# TASK DIRECTIONS
Write the data below out exactly as it stands. Do not include the pictures.

** Opening SOURCE DATA block **

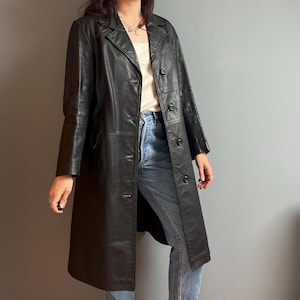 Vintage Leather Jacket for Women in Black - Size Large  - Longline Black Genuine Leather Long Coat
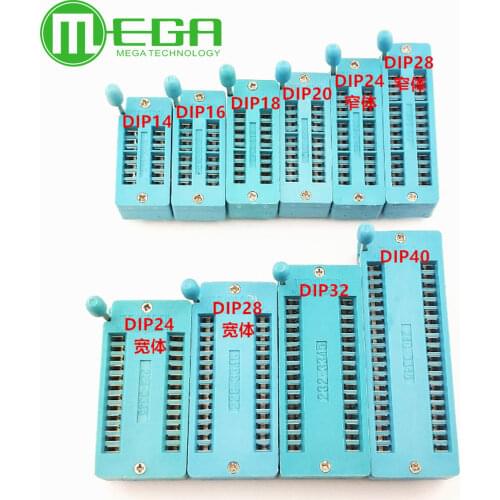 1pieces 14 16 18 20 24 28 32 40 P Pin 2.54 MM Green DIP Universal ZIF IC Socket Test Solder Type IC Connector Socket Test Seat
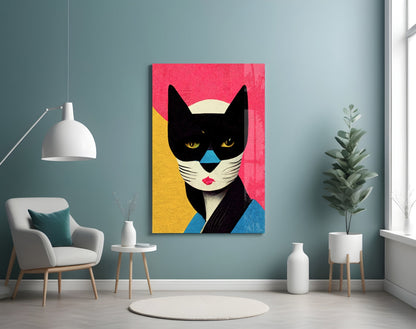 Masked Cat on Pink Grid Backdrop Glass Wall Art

** Closing SOURCE DATA block **

# REPLY TO THE TASK
 Vintage Leather Jacket for Women in Black - Size Large  - Longline Black Genuine Leather Long Coat
 1pieces 14 16 18 20 24 28 32 40 P Pin 2.54 MM Green DIP Universal ZIF IC Socket Test Solder Type IC Connector Socket Test Seat
 Masked Cat on Pink Grid Backdrop Glass Wall Art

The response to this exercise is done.